=== Task ===
The whole of the data is to be duplicated precisely.

(Web page caption snippets)
-- Opening Marker --
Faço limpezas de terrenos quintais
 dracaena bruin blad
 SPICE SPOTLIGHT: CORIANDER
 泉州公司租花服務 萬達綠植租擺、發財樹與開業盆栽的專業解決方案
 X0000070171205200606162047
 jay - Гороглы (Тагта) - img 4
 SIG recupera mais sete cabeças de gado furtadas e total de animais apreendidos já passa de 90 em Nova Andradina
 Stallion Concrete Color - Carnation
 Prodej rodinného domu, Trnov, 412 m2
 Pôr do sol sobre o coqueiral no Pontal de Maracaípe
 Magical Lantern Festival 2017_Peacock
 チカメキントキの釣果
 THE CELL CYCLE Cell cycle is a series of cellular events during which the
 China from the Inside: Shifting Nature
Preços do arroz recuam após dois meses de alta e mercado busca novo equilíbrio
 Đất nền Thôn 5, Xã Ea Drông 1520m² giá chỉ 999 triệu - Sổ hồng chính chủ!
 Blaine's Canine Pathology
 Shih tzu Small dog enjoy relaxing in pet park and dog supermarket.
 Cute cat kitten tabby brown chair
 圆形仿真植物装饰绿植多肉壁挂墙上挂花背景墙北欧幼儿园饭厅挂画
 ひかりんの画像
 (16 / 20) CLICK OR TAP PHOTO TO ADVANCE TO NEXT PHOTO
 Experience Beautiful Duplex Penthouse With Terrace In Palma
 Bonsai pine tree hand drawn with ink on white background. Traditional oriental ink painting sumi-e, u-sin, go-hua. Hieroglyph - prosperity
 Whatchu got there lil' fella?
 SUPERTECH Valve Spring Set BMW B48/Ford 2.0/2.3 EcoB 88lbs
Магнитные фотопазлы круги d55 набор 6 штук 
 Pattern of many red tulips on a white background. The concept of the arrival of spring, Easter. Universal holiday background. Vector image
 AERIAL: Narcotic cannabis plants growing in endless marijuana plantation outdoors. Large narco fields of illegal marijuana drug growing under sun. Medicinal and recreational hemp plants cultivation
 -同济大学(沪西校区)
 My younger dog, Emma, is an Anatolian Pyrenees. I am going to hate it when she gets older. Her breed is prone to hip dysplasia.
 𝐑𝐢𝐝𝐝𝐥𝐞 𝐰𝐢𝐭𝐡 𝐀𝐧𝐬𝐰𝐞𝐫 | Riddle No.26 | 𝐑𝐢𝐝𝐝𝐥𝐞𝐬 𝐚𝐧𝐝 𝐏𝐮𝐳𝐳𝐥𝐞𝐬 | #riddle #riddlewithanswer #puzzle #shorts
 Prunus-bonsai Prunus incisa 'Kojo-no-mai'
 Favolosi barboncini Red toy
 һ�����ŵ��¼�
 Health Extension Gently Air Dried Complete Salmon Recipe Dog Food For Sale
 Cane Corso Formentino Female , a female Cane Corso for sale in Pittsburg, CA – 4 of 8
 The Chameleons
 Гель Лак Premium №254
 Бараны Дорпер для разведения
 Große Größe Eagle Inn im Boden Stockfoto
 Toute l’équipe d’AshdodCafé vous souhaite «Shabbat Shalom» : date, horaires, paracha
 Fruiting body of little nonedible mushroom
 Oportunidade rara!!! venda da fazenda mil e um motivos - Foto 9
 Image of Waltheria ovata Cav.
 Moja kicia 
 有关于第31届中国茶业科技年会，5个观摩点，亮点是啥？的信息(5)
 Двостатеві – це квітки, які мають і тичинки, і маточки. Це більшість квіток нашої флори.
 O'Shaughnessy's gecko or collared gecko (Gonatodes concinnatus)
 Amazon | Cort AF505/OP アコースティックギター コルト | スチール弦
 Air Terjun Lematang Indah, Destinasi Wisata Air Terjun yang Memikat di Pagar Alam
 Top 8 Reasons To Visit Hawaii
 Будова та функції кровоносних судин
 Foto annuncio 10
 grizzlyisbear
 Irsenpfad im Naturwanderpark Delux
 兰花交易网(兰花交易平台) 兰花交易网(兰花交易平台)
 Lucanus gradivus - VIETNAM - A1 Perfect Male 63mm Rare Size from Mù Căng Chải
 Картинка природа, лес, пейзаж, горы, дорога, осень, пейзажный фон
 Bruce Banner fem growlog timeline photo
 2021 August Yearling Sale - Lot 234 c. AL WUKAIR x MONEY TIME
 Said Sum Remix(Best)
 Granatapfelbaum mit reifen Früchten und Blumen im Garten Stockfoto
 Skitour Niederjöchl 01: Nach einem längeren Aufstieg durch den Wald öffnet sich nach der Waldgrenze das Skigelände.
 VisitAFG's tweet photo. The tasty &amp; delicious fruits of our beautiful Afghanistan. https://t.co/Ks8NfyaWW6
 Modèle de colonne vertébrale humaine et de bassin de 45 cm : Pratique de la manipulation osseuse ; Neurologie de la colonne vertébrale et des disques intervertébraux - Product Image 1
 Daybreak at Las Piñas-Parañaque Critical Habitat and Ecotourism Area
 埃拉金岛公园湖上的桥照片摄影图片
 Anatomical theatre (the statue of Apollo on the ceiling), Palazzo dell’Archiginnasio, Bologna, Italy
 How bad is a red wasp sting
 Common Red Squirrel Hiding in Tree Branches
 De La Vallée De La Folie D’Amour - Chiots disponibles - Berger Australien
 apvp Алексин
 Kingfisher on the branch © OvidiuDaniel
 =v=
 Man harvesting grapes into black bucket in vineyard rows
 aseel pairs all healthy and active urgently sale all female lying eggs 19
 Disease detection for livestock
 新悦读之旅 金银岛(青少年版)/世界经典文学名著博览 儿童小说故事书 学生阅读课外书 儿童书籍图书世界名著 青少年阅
-- Closing Marker --
=== Result of the task ===
Faço limpezas de terrenos quintais
 dracaena bruin blad
 SPICE SPOTLIGHT: CORIANDER
 泉州公司租花服務 萬達綠植租擺、發財樹與開業盆栽的專業解決方案
 X0000070171205200606162047
 jay - Гороглы (Тагта) - img 4
 SIG recupera mais sete cabeças de gado furtadas e total de animais apreendidos já passa de 90 em Nova Andradina
 Stallion Concrete Color - Carnation
 Prodej rodinného domu, Trnov, 412 m2
 Pôr do sol sobre o coqueiral no Pontal de Maracaípe
 Magical Lantern Festival 2017_Peacock
 チカメキントキの釣果
 THE CELL CYCLE Cell cycle is a series of cellular events during which the
 China from the Inside: Shifting Nature
Preços do arroz recuam após dois meses de alta e mercado busca novo equilíbrio
 Đất nền Thôn 5, Xã Ea Drông 1520m² giá chỉ 999 triệu - Sổ hồng chính chủ!
 Blaine's Canine Pathology
 Shih tzu Small dog enjoy relaxing in pet park and dog supermarket.
 Cute cat kitten tabby brown chair
 圆形仿真植物装饰绿植多肉壁挂墙上挂花背景墙北欧幼儿园饭厅挂画
 ひかりんの画像
 (16 / 20) CLICK OR TAP PHOTO TO ADVANCE TO NEXT PHOTO
 Experience Beautiful Duplex Penthouse With Terrace In Palma
 Bonsai pine tree hand drawn with ink on white background. Traditional oriental ink painting sumi-e, u-sin, go-hua. Hieroglyph - prosperity
 Whatchu got there lil' fella?
 SUPERTECH Valve Spring Set BMW B48/Ford 2.0/2.3 EcoB 88lbs
Магнитные фотопазлы круги d55 набор 6 штук 
 Pattern of many red tulips on a white background. The concept of the arrival of spring, Easter. Universal holiday background. Vector image
 AERIAL: Narcotic cannabis plants growing in endless marijuana plantation outdoors. Large narco fields of illegal marijuana drug growing under sun. Medicinal and recreational hemp plants cultivation
 -同济大学(沪西校区)
 My younger dog, Emma, is an Anatolian Pyrenees. I am going to hate it when she gets older. Her breed is prone to hip dysplasia.
 𝐑𝐢𝐝𝐝𝐥𝐞 𝐰𝐢𝐭𝐡 𝐀𝐧𝐬𝐰𝐞𝐫 | Riddle No.26 | 𝐑𝐢𝐝𝐝𝐥𝐞𝐬 𝐚𝐧𝐝 𝐏𝐮𝐳𝐳𝐥𝐞𝐬 | #riddle #riddlewithanswer #puzzle #shorts
 Prunus-bonsai Prunus incisa 'Kojo-no-mai'
 Favolosi barboncini Red toy
 һ�����ŵ��¼�
 Health Extension Gently Air Dried Complete Salmon Recipe Dog Food For Sale
 Cane Corso Formentino Female , a female Cane Corso for sale in Pittsburg, CA – 4 of 8
 The Chameleons
 Гель Лак Premium №254
 Бараны Дорпер для разведения
 Große Größe Eagle Inn im Boden Stockfoto
 Toute l’équipe d’AshdodCafé vous souhaite «Shabbat Shalom» : date, horaires, paracha
 Fruiting body of little nonedible mushroom
 Oportunidade rara!!! venda da fazenda mil e um motivos - Foto 9
 Image of Waltheria ovata Cav.
 Moja kicia 
 有关于第31届中国茶业科技年会，5个观摩点，亮点是啥？的信息(5)
 Двостатеві – це квітки, які мають і тичинки, і маточки. Це більшість квіток нашої флори.
 O'Shaughnessy's gecko or collared gecko (Gonatodes concinnatus)
 Amazon | Cort AF505/OP アコースティックギター コルト | スチール弦
 Air Terjun Lematang Indah, Destinasi Wisata Air Terjun yang Memikat di Pagar Alam
 Top 8 Reasons To Visit Hawaii
 Будова та функції кровоносних судин
 Foto annuncio 10
 grizzlyisbear
 Irsenpfad im Naturwanderpark Delux
 兰花交易网(兰花交易平台) 兰花交易网(兰花交易平台)
 Lucanus gradivus - VIETNAM - A1 Perfect Male 63mm Rare Size from Mù Căng Chải
 Картинка природа, лес, пейзаж, горы, дорога, осень, пейзажный фон
 Bruce Banner fem growlog timeline photo
 2021 August Yearling Sale - Lot 234 c. AL WUKAIR x MONEY TIME
 Said Sum Remix(Best)
 Granatapfelbaum mit reifen Früchten und Blumen im Garten Stockfoto
 Skitour Niederjöchl 01: Nach einem längeren Aufstieg durch den Wald öffnet sich nach der Waldgrenze das Skigelände.
 VisitAFG's tweet photo. The tasty &amp; delicious fruits of our beautiful Afghanistan. https://t.co/Ks8NfyaWW6
 Modèle de colonne vertébrale humaine et de bassin de 45 cm : Pratique de la manipulation osseuse ; Neurologie de la colonne vertébrale et des disques intervertébraux - Product Image 1
 Daybreak at Las Piñas-Parañaque Critical Habitat and Ecotourism Area
 埃拉金岛公园湖上的桥照片摄影图片
 Anatomical theatre (the statue of Apollo on the ceiling), Palazzo dell’Archiginnasio, Bologna, Italy
 How bad is a red wasp sting
 Common Red Squirrel Hiding in Tree Branches
 De La Vallée De La Folie D’Amour - Chiots disponibles - Berger Australien
 apvp Алексин
 Kingfisher on the branch © OvidiuDaniel
 =v=
 Man harvesting grapes into black bucket in vineyard rows
 aseel pairs all healthy and active urgently sale all female lying eggs 19
 Disease detection for livestock
 新悦读之旅 金银岛(青少年版)/世界经典文学名著博览 儿童小说故事书 学生阅读课外书 儿童书籍图书世界名著 青少年阅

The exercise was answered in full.